## WHAT YOU HAVE TO DO:
Restate the data below, keeping every line the same.

## INPUT MATERIAL:
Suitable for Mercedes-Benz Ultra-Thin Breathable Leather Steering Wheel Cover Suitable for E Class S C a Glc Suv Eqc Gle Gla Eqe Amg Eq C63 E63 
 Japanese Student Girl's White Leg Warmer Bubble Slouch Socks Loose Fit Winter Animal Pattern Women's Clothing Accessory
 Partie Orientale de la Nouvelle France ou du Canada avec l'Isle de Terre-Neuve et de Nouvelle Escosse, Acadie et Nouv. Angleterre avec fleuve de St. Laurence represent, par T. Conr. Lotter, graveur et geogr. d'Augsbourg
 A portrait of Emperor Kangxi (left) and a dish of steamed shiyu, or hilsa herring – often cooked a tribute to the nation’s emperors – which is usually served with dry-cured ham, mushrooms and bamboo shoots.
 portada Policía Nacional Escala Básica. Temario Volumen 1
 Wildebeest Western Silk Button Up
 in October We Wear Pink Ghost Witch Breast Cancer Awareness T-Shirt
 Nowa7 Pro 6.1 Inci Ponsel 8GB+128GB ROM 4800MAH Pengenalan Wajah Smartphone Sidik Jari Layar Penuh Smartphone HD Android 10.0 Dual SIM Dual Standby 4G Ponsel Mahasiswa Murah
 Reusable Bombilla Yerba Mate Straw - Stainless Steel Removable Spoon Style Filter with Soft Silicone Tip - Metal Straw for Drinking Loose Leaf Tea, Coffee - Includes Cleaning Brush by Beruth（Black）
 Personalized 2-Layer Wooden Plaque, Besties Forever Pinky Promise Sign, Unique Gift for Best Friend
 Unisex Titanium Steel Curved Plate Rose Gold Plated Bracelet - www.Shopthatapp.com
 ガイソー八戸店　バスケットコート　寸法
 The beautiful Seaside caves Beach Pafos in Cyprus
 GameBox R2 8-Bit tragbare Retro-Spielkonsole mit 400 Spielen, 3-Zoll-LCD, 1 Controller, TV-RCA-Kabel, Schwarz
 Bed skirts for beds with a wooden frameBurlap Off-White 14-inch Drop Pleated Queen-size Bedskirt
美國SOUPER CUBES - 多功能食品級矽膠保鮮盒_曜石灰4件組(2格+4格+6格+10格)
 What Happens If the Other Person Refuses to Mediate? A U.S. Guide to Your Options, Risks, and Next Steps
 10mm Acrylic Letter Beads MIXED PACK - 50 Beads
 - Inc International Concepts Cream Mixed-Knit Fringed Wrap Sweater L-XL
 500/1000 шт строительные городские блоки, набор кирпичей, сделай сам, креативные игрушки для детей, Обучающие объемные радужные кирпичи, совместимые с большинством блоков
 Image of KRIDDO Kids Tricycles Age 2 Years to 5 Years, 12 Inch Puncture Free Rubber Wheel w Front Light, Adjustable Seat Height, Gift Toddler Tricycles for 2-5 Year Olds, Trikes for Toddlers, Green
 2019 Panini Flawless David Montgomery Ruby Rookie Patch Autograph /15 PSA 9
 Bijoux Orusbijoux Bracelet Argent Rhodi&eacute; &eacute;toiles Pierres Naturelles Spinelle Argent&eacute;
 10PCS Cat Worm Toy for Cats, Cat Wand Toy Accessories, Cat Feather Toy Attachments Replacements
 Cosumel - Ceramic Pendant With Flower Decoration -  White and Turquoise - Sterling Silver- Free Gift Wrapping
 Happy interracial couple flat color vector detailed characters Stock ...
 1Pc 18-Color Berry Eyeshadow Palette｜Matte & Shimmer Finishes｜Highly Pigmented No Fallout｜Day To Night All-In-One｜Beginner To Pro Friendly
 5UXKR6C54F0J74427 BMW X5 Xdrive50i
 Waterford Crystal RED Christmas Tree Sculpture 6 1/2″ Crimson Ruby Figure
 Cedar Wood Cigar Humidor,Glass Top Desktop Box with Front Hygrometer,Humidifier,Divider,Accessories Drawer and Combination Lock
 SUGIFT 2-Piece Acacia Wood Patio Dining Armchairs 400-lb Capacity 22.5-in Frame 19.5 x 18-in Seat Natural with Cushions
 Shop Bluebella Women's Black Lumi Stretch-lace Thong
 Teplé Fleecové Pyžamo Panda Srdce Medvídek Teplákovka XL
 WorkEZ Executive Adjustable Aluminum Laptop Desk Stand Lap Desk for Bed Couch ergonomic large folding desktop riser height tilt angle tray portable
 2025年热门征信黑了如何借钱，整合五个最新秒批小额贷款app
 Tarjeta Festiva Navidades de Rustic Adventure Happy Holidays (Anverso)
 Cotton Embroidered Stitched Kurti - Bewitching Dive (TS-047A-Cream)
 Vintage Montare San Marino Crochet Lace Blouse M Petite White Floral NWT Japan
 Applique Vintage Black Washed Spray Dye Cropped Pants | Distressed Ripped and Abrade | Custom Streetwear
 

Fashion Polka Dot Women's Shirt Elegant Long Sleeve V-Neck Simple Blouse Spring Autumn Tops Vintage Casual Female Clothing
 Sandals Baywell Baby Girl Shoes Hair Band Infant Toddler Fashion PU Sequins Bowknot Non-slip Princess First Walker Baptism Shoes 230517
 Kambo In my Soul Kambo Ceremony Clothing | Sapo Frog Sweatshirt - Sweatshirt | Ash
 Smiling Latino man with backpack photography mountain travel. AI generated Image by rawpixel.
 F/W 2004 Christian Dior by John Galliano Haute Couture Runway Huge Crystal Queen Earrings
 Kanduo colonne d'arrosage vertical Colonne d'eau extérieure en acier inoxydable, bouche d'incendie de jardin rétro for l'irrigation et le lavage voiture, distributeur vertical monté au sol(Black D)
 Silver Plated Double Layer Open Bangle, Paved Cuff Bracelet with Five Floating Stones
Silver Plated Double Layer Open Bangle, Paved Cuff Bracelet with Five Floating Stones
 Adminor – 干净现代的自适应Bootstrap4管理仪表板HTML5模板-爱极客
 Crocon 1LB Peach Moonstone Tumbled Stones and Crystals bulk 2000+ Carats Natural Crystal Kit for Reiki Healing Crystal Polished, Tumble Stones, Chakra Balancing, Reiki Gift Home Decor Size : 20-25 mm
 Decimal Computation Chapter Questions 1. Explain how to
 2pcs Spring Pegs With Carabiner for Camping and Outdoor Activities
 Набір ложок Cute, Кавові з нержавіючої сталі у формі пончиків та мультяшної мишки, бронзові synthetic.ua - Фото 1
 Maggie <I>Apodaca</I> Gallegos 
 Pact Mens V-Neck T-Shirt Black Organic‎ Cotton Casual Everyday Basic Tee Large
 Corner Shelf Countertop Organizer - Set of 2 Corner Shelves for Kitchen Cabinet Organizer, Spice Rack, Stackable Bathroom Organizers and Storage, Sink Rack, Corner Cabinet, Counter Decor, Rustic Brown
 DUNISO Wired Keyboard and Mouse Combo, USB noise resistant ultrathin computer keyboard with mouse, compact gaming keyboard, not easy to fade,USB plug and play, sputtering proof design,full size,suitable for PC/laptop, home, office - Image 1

## WRITTEN SOLUTION:
Suitable for Mercedes-Benz Ultra-Thin Breathable Leather Steering Wheel Cover Suitable for E Class S C a Glc Suv Eqc Gle Gla Eqe Amg Eq C63 E63 
 Japanese Student Girl's White Leg Warmer Bubble Slouch Socks Loose Fit Winter Animal Pattern Women's Clothing Accessory
 Partie Orientale de la Nouvelle France ou du Canada avec l'Isle de Terre-Neuve et de Nouvelle Escosse, Acadie et Nouv. Angleterre avec fleuve de St. Laurence represent, par T. Conr. Lotter, graveur et geogr. d'Augsbourg
 A portrait of Emperor Kangxi (left) and a dish of steamed shiyu, or hilsa herring – often cooked a tribute to the nation’s emperors – which is usually served with dry-cured ham, mushrooms and bamboo shoots.
 portada Policía Nacional Escala Básica. Temario Volumen 1
 Wildebeest Western Silk Button Up
 in October We Wear Pink Ghost Witch Breast Cancer Awareness T-Shirt
 Nowa7 Pro 6.1 Inci Ponsel 8GB+128GB ROM 4800MAH Pengenalan Wajah Smartphone Sidik Jari Layar Penuh Smartphone HD Android 10.0 Dual SIM Dual Standby 4G Ponsel Mahasiswa Murah
 Reusable Bombilla Yerba Mate Straw - Stainless Steel Removable Spoon Style Filter with Soft Silicone Tip - Metal Straw for Drinking Loose Leaf Tea, Coffee - Includes Cleaning Brush by Beruth（Black）
 Personalized 2-Layer Wooden Plaque, Besties Forever Pinky Promise Sign, Unique Gift for Best Friend
 Unisex Titanium Steel Curved Plate Rose Gold Plated Bracelet - www.Shopthatapp.com
 ガイソー八戸店　バスケットコート　寸法
 The beautiful Seaside caves Beach Pafos in Cyprus
 GameBox R2 8-Bit tragbare Retro-Spielkonsole mit 400 Spielen, 3-Zoll-LCD, 1 Controller, TV-RCA-Kabel, Schwarz
 Bed skirts for beds with a wooden frameBurlap Off-White 14-inch Drop Pleated Queen-size Bedskirt
美國SOUPER CUBES - 多功能食品級矽膠保鮮盒_曜石灰4件組(2格+4格+6格+10格)
 What Happens If the Other Person Refuses to Mediate? A U.S. Guide to Your Options, Risks, and Next Steps
 10mm Acrylic Letter Beads MIXED PACK - 50 Beads
 - Inc International Concepts Cream Mixed-Knit Fringed Wrap Sweater L-XL
 500/1000 шт строительные городские блоки, набор кирпичей, сделай сам, креативные игрушки для детей, Обучающие объемные радужные кирпичи, совместимые с большинством блоков
 Image of KRIDDO Kids Tricycles Age 2 Years to 5 Years, 12 Inch Puncture Free Rubber Wheel w Front Light, Adjustable Seat Height, Gift Toddler Tricycles for 2-5 Year Olds, Trikes for Toddlers, Green
 2019 Panini Flawless David Montgomery Ruby Rookie Patch Autograph /15 PSA 9
 Bijoux Orusbijoux Bracelet Argent Rhodi&eacute; &eacute;toiles Pierres Naturelles Spinelle Argent&eacute;
 10PCS Cat Worm Toy for Cats, Cat Wand Toy Accessories, Cat Feather Toy Attachments Replacements
 Cosumel - Ceramic Pendant With Flower Decoration -  White and Turquoise - Sterling Silver- Free Gift Wrapping
 Happy interracial couple flat color vector detailed characters Stock ...
 1Pc 18-Color Berry Eyeshadow Palette｜Matte & Shimmer Finishes｜Highly Pigmented No Fallout｜Day To Night All-In-One｜Beginner To Pro Friendly
 5UXKR6C54F0J74427 BMW X5 Xdrive50i
 Waterford Crystal RED Christmas Tree Sculpture 6 1/2″ Crimson Ruby Figure
 Cedar Wood Cigar Humidor,Glass Top Desktop Box with Front Hygrometer,Humidifier,Divider,Accessories Drawer and Combination Lock
 SUGIFT 2-Piece Acacia Wood Patio Dining Armchairs 400-lb Capacity 22.5-in Frame 19.5 x 18-in Seat Natural with Cushions
 Shop Bluebella Women's Black Lumi Stretch-lace Thong
 Teplé Fleecové Pyžamo Panda Srdce Medvídek Teplákovka XL
 WorkEZ Executive Adjustable Aluminum Laptop Desk Stand Lap Desk for Bed Couch ergonomic large folding desktop riser height tilt angle tray portable
 2025年热门征信黑了如何借钱，整合五个最新秒批小额贷款app
 Tarjeta Festiva Navidades de Rustic Adventure Happy Holidays (Anverso)
 Cotton Embroidered Stitched Kurti - Bewitching Dive (TS-047A-Cream)
 Vintage Montare San Marino Crochet Lace Blouse M Petite White Floral NWT Japan
 Applique Vintage Black Washed Spray Dye Cropped Pants | Distressed Ripped and Abrade | Custom Streetwear
 

Fashion Polka Dot Women's Shirt Elegant Long Sleeve V-Neck Simple Blouse Spring Autumn Tops Vintage Casual Female Clothing
 Sandals Baywell Baby Girl Shoes Hair Band Infant Toddler Fashion PU Sequins Bowknot Non-slip Princess First Walker Baptism Shoes 230517
 Kambo In my Soul Kambo Ceremony Clothing | Sapo Frog Sweatshirt - Sweatshirt | Ash
 Smiling Latino man with backpack photography mountain travel. AI generated Image by rawpixel.
 F/W 2004 Christian Dior by John Galliano Haute Couture Runway Huge Crystal Queen Earrings
 Kanduo colonne d'arrosage vertical Colonne d'eau extérieure en acier inoxydable, bouche d'incendie de jardin rétro for l'irrigation et le lavage voiture, distributeur vertical monté au sol(Black D)
 Silver Plated Double Layer Open Bangle, Paved Cuff Bracelet with Five Floating Stones
Silver Plated Double Layer Open Bangle, Paved Cuff Bracelet with Five Floating Stones
 Adminor – 干净现代的自适应Bootstrap4管理仪表板HTML5模板-爱极客
 Crocon 1LB Peach Moonstone Tumbled Stones and Crystals bulk 2000+ Carats Natural Crystal Kit for Reiki Healing Crystal Polished, Tumble Stones, Chakra Balancing, Reiki Gift Home Decor Size : 20-25 mm
 Decimal Computation Chapter Questions 1. Explain how to
 2pcs Spring Pegs With Carabiner for Camping and Outdoor Activities
 Набір ложок Cute, Кавові з нержавіючої сталі у формі пончиків та мультяшної мишки, бронзові synthetic.ua - Фото 1
 Maggie <I>Apodaca</I> Gallegos 
 Pact Mens V-Neck T-Shirt Black Organic‎ Cotton Casual Everyday Basic Tee Large
 Corner Shelf Countertop Organizer - Set of 2 Corner Shelves for Kitchen Cabinet Organizer, Spice Rack, Stackable Bathroom Organizers and Storage, Sink Rack, Corner Cabinet, Counter Decor, Rustic Brown
 DUNISO Wired Keyboard and Mouse Combo, USB noise resistant ultrathin computer keyboard with mouse, compact gaming keyboard, not easy to fade,USB plug and play, sputtering proof design,full size,suitable for PC/laptop, home, office - Image 1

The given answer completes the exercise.